From my developer perspective a string slice and a String reference are the same. The fact that they are stored diffently and its performance implications is not something I want to have to think about. (I want zero cost abstraction here!)

Forgetting backward compatibility, is there anything preventing that?

1 Like

Rust String = Java/C# StringBuilder

Rust str = Java/C# string

It’s as simple as that. Don’t over complicate it.

2 Likes

String slices are different from string mostly due to where they are stored

That's not really an important difference. The important difference is ownership. String slices are non-owned and Strings are owned. That would be true no matter where they are stored. There isn't any fundamental reason why Strings couldn't allocate themselves on the stack or in static memory, aside from the fact that it would be inefficient to do it in a coherent and safe way.

From my developer perspective a string slice and a String reference are the same.

You shouldn't use &String, because it is basically useless. String and &str are very different and that difference is important to many of us.

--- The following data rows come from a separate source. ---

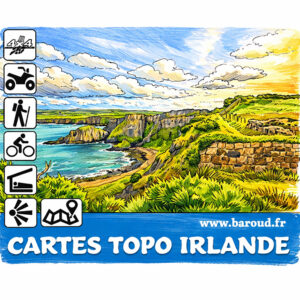 CARTE IRLANDE TOPO GARMIN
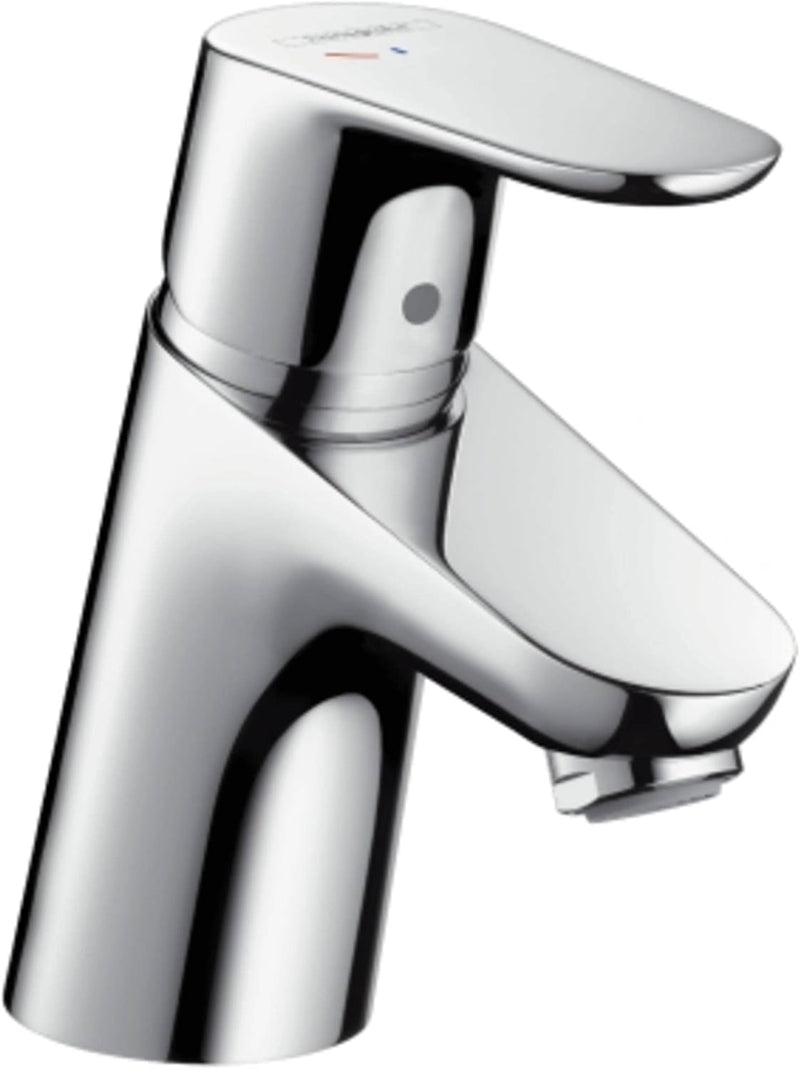 hansgrohe Wasserhahn Focus CoolStart (Armatur mit Auslauf Höhe 70mm und Zugstangen-Ablaufgarnitur) C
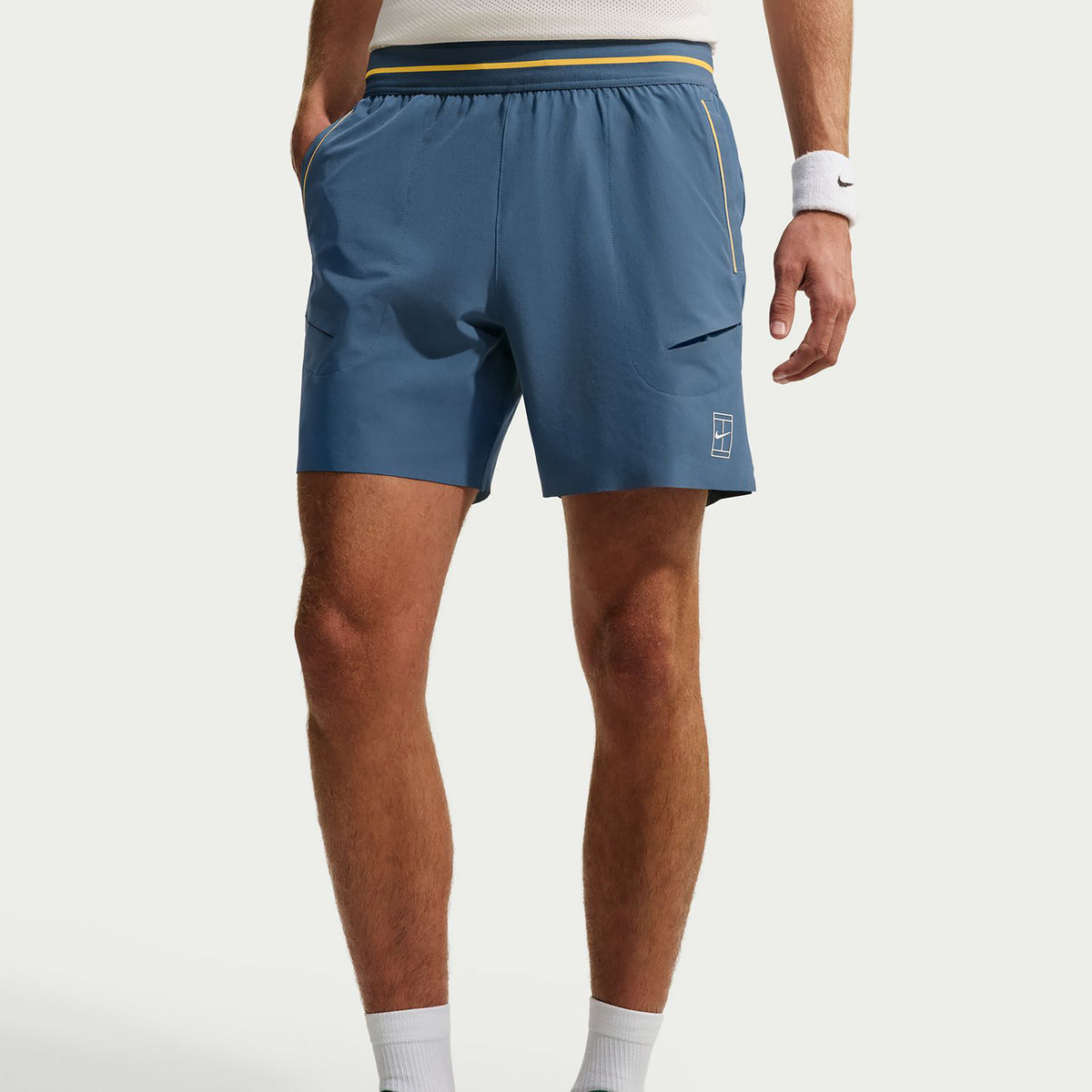 Nike Court Dri-FIT Advantage 6in Šortky Muži - modrošedá, oranžová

Lets ignore backward compatibility

I wouldn't really advise anyone to participate in a discussion premised on ignoring very real and practical concerns. It's like asking people to come to a meeting to specifically discuss inactionable decisions...

I mean, if the question is "Is it possible to make a new language with strings that act like Java's or Haskell's", then obviously the answer is yes. If it's "could we do it in Rust", then also, yes. I don't see how either of these questions are interesting for Rust unless we're discussing them in the context of maintaining Rust's backward-compatibility guarantees.

3 Likes

If backwards-compat break was an option, perhaps some renaming could help:

  • String -> StringBuf
  • &str -> &String
  • Box<str> -> String

or maybe there could be a special syntax for “owned + growable” and “borrowed + fixed” alternatives of types ([] vs Vec, Path vs PathBuf, etc).

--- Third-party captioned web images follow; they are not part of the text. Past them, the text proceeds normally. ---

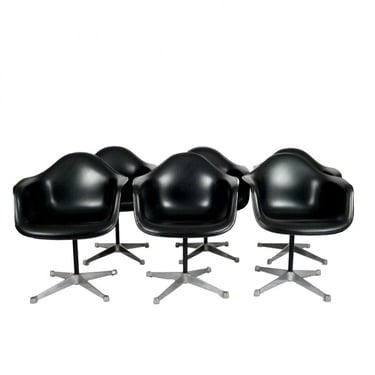 Set of 6 Ray and Charles Eames PAC Chairs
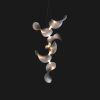 Dune 6 Vertical Cluster Pendant Light | Chandeliers by MOSS Objects. Item made of metal compatible with contemporary and japandi style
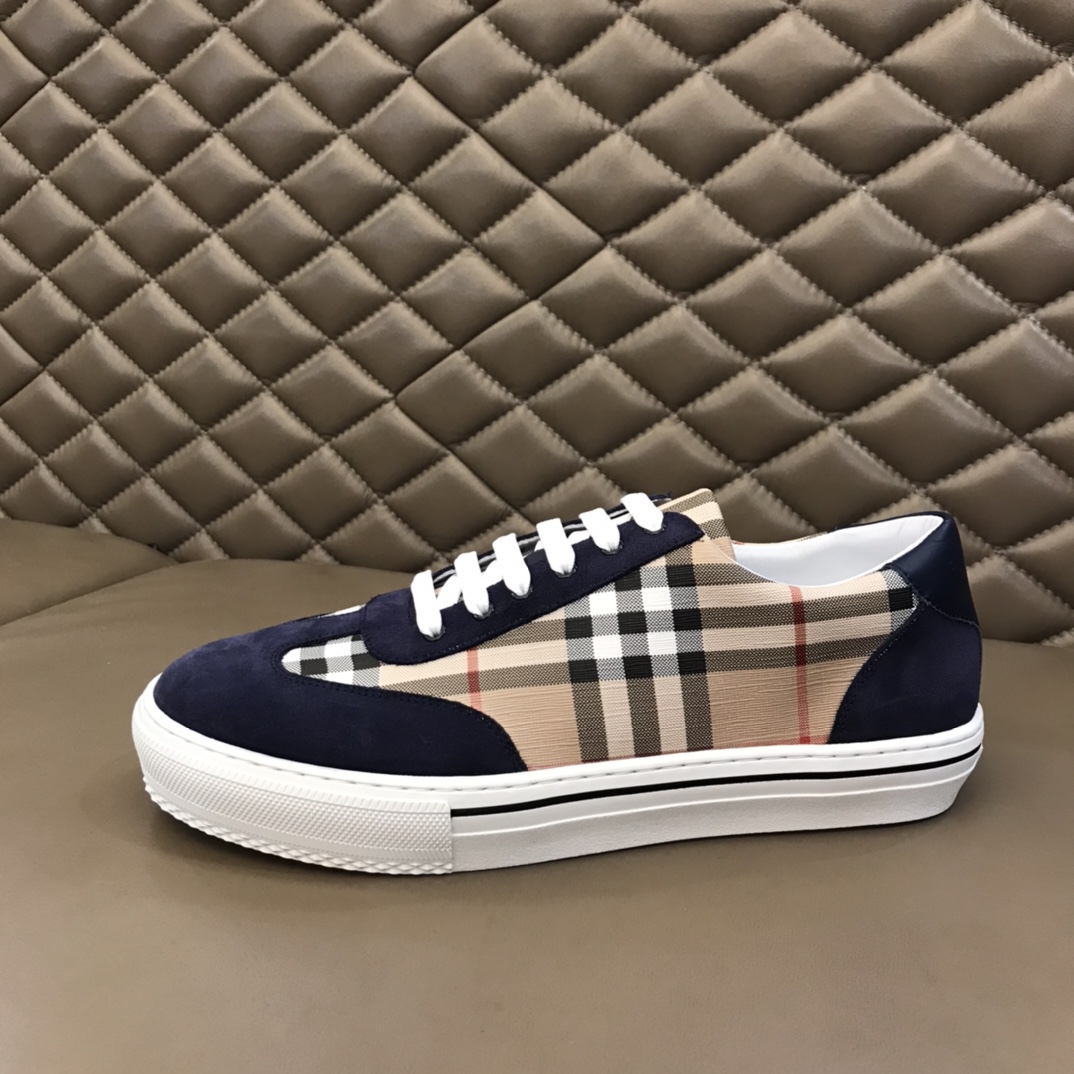 Burberry Perforated Check Sneaker 53 - vstockx
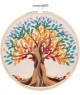Kit de Broderie “L’Arbre de Vie” avec Cercle en Bambou 15 cm – Trimits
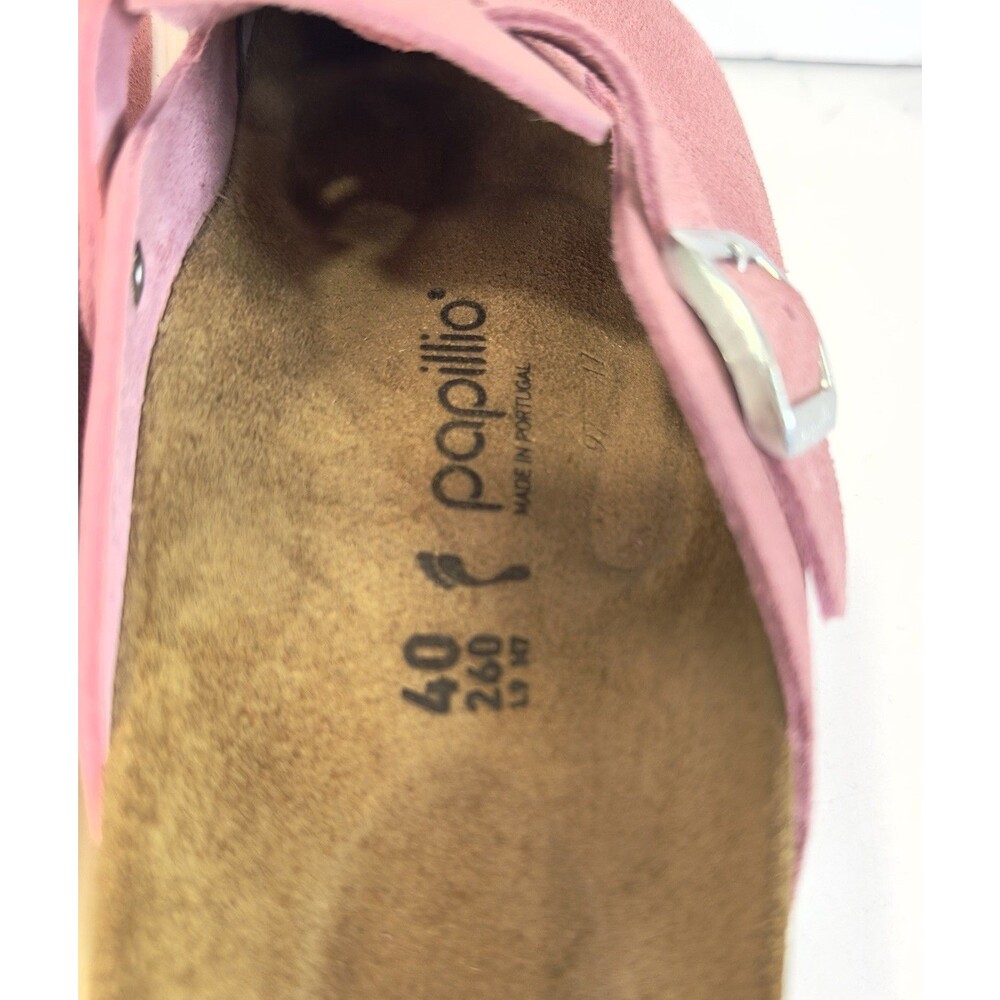 Papillio Birkenstock Boston Clogs Pink Suede Flex Platform EU 40 US 9 W Women - Picture 7 of 9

But I’d not get rid of the concept. It still has to be explained, but it’s a useful thing to have.

Languages that try to blur the distinction between owned string and a string “view” end up with problems:

  • Tiny substring of a large string ends up keeping the large string alive. You parse a line out of a file, and the whole file still sits in memory (in languages without proper immutable references there’s added bonus of surprise modifications of memory shared by strings).
  • Or you don’t share memory between strings, and end up wastefully allocating and copying data every time you take a slice, search, etc.
  • Or you try to have best of both worlds and the string type is a dynamically switched hybrid of anything from small string optimization to a rope with some clever tree of string of chunks.

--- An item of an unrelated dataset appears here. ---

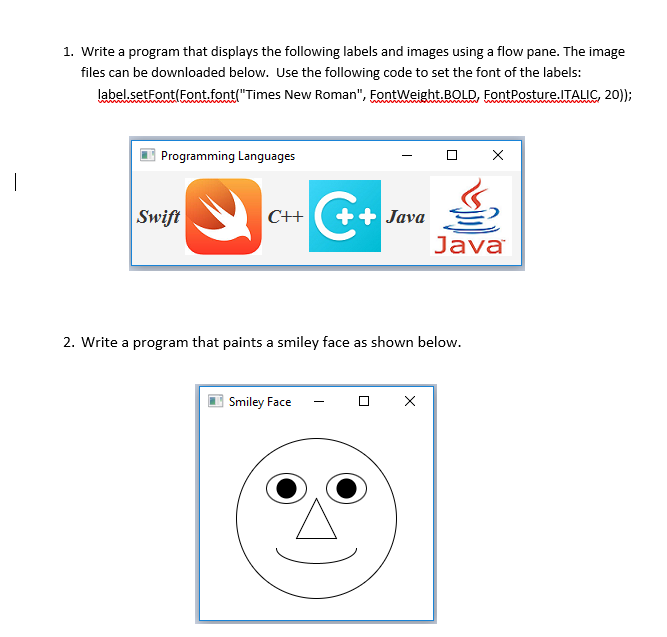 Please help me with this Java programming question. Please find your own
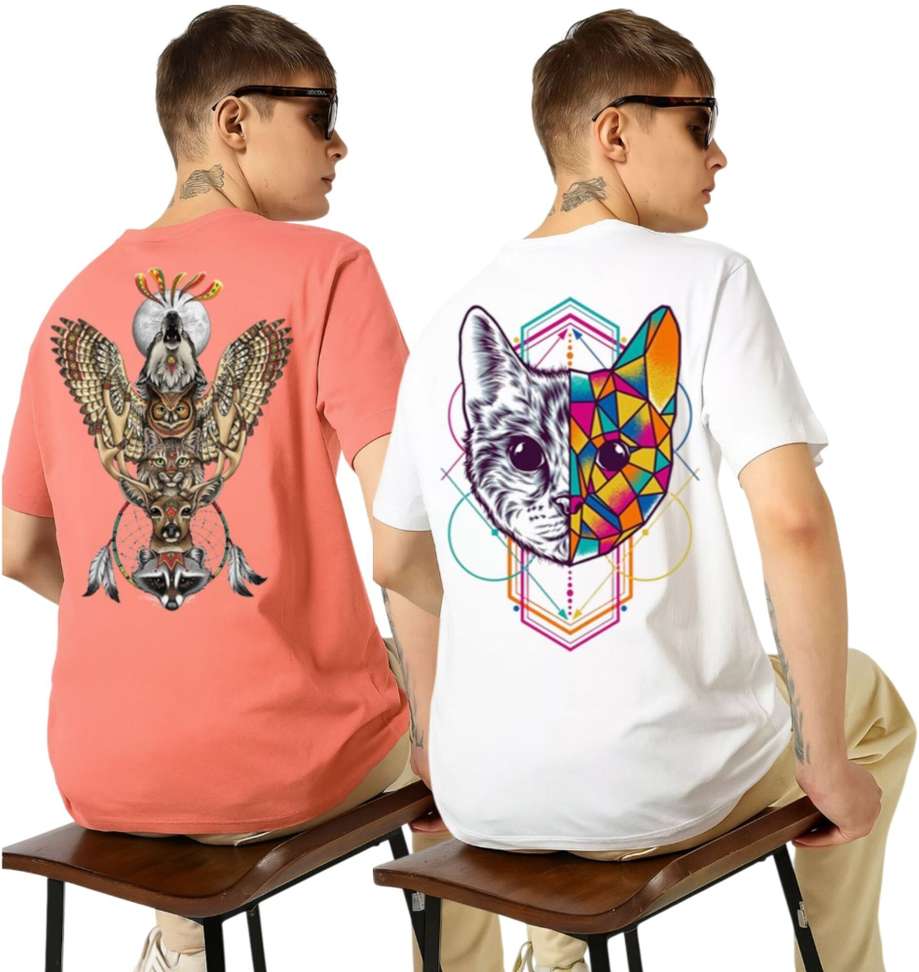 Kasendra Printed Men Multicolor T Shirt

In the end hiding the distinction between owned strings and views ends up with bad side effects and/or needing a complex string type with heroic optimizations to be acceptable in both roles.

In Rust you need to understand the distinction, and unfortunately people do stumble with that, but once you learn it you have super-simple String implementation without any magic and zero-cost safe views into it.

12 Likes

Rust String = Java/C# StringBuilder

Rust str = Java/C# string

It’s as simple as that. Don’t over complicate it.

That's over-simplistic. Java doesn't have the concept of mutability in the language so it has to offer n other type. Rust is very different in that sense. In other word Java doesn't have a &StringBuilder so it's not a good comparison.

The important difference is ownership.

I am not comparing String and &str here but &String and &str.

You shouldn’t use &String , because it is basically useless.

That's exactly my problem, if it's useless, can we get rid of it.

I wouldn’t really advise anyone to participate in a discussion premised on ignoring very real and practical concerns.

Backward compatibility is a huge subject here and I am interested in the concept first. Let see what works in theory and see if it can be done in practice.

&String doesn’t exist explicitly though. It exists only because & is a type compositor that can be applied to any type. Getting rid of it would add special handling code, it would not simplify anything.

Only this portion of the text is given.